● Your goal: From the first entry to the last, transcribe everything exactly.

● Records provided:

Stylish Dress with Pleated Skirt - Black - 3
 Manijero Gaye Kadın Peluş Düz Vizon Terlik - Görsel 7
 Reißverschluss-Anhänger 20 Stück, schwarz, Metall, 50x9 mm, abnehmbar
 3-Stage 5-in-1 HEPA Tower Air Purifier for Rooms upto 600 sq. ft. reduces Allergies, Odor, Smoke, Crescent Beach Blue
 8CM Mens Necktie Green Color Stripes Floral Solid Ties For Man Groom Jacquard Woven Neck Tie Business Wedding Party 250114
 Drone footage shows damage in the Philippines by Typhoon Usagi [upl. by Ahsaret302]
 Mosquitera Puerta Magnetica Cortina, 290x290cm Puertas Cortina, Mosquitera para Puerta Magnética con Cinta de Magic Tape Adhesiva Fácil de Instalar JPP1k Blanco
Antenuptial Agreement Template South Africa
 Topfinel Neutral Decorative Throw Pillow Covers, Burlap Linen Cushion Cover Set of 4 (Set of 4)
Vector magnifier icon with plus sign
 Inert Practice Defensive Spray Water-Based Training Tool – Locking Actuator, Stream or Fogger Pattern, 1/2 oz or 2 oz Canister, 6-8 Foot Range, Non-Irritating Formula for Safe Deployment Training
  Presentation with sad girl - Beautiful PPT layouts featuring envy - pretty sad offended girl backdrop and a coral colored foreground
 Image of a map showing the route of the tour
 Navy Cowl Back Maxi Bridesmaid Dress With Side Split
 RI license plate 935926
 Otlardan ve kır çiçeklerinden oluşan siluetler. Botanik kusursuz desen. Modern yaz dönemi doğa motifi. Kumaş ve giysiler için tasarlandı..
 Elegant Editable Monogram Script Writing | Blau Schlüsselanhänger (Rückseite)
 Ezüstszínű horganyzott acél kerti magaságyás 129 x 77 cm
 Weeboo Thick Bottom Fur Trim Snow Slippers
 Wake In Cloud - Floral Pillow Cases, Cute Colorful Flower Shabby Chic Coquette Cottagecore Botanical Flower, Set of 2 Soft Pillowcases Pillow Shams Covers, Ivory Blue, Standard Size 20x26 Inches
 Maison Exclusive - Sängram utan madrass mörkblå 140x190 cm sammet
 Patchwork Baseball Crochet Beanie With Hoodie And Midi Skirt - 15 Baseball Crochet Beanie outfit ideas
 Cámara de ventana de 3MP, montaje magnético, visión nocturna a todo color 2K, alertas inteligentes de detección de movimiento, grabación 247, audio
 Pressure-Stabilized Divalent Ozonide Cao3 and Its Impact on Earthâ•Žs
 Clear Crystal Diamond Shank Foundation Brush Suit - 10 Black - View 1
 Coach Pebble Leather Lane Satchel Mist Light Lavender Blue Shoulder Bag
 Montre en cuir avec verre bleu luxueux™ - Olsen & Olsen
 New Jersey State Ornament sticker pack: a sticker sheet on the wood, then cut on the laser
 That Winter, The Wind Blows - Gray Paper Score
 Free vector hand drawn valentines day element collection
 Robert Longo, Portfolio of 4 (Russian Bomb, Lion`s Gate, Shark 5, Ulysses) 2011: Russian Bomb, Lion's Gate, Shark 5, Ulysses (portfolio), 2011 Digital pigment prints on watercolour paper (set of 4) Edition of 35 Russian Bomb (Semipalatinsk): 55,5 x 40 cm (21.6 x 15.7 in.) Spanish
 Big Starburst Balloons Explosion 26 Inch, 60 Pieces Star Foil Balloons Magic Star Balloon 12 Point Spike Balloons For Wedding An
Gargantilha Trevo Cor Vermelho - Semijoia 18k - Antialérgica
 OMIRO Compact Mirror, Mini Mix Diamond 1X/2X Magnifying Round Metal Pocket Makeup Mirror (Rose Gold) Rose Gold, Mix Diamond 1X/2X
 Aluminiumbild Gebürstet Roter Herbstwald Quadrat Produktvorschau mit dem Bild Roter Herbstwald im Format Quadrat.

● Result of this task:
Stylish Dress with Pleated Skirt - Black - 3
 Manijero Gaye Kadın Peluş Düz Vizon Terlik - Görsel 7
 Reißverschluss-Anhänger 20 Stück, schwarz, Metall, 50x9 mm, abnehmbar
 3-Stage 5-in-1 HEPA Tower Air Purifier for Rooms upto 600 sq. ft. reduces Allergies, Odor, Smoke, Crescent Beach Blue
 8CM Mens Necktie Green Color Stripes Floral Solid Ties For Man Groom Jacquard Woven Neck Tie Business Wedding Party 250114
 Drone footage shows damage in the Philippines by Typhoon Usagi [upl. by Ahsaret302]
 Mosquitera Puerta Magnetica Cortina, 290x290cm Puertas Cortina, Mosquitera para Puerta Magnética con Cinta de Magic Tape Adhesiva Fácil de Instalar JPP1k Blanco
Antenuptial Agreement Template South Africa
 Topfinel Neutral Decorative Throw Pillow Covers, Burlap Linen Cushion Cover Set of 4 (Set of 4)
Vector magnifier icon with plus sign
 Inert Practice Defensive Spray Water-Based Training Tool – Locking Actuator, Stream or Fogger Pattern, 1/2 oz or 2 oz Canister, 6-8 Foot Range, Non-Irritating Formula for Safe Deployment Training
  Presentation with sad girl - Beautiful PPT layouts featuring envy - pretty sad offended girl backdrop and a coral colored foreground
 Image of a map showing the route of the tour
 Navy Cowl Back Maxi Bridesmaid Dress With Side Split
 RI license plate 935926
 Otlardan ve kır çiçeklerinden oluşan siluetler. Botanik kusursuz desen. Modern yaz dönemi doğa motifi. Kumaş ve giysiler için tasarlandı..
 Elegant Editable Monogram Script Writing | Blau Schlüsselanhänger (Rückseite)
 Ezüstszínű horganyzott acél kerti magaságyás 129 x 77 cm
 Weeboo Thick Bottom Fur Trim Snow Slippers
 Wake In Cloud - Floral Pillow Cases, Cute Colorful Flower Shabby Chic Coquette Cottagecore Botanical Flower, Set of 2 Soft Pillowcases Pillow Shams Covers, Ivory Blue, Standard Size 20x26 Inches
 Maison Exclusive - Sängram utan madrass mörkblå 140x190 cm sammet
 Patchwork Baseball Crochet Beanie With Hoodie And Midi Skirt - 15 Baseball Crochet Beanie outfit ideas
 Cámara de ventana de 3MP, montaje magnético, visión nocturna a todo color 2K, alertas inteligentes de detección de movimiento, grabación 247, audio
 Pressure-Stabilized Divalent Ozonide Cao3 and Its Impact on Earthâ•Žs
 Clear Crystal Diamond Shank Foundation Brush Suit - 10 Black - View 1
 Coach Pebble Leather Lane Satchel Mist Light Lavender Blue Shoulder Bag
 Montre en cuir avec verre bleu luxueux™ - Olsen & Olsen
 New Jersey State Ornament sticker pack: a sticker sheet on the wood, then cut on the laser
 That Winter, The Wind Blows - Gray Paper Score
 Free vector hand drawn valentines day element collection
 Robert Longo, Portfolio of 4 (Russian Bomb, Lion`s Gate, Shark 5, Ulysses) 2011: Russian Bomb, Lion's Gate, Shark 5, Ulysses (portfolio), 2011 Digital pigment prints on watercolour paper (set of 4) Edition of 35 Russian Bomb (Semipalatinsk): 55,5 x 40 cm (21.6 x 15.7 in.) Spanish
 Big Starburst Balloons Explosion 26 Inch, 60 Pieces Star Foil Balloons Magic Star Balloon 12 Point Spike Balloons For Wedding An
Gargantilha Trevo Cor Vermelho - Semijoia 18k - Antialérgica
 OMIRO Compact Mirror, Mini Mix Diamond 1X/2X Magnifying Round Metal Pocket Makeup Mirror (Rose Gold) Rose Gold, Mix Diamond 1X/2X
 Aluminiumbild Gebürstet Roter Herbstwald Quadrat Produktvorschau mit dem Bild Roter Herbstwald im Format Quadrat.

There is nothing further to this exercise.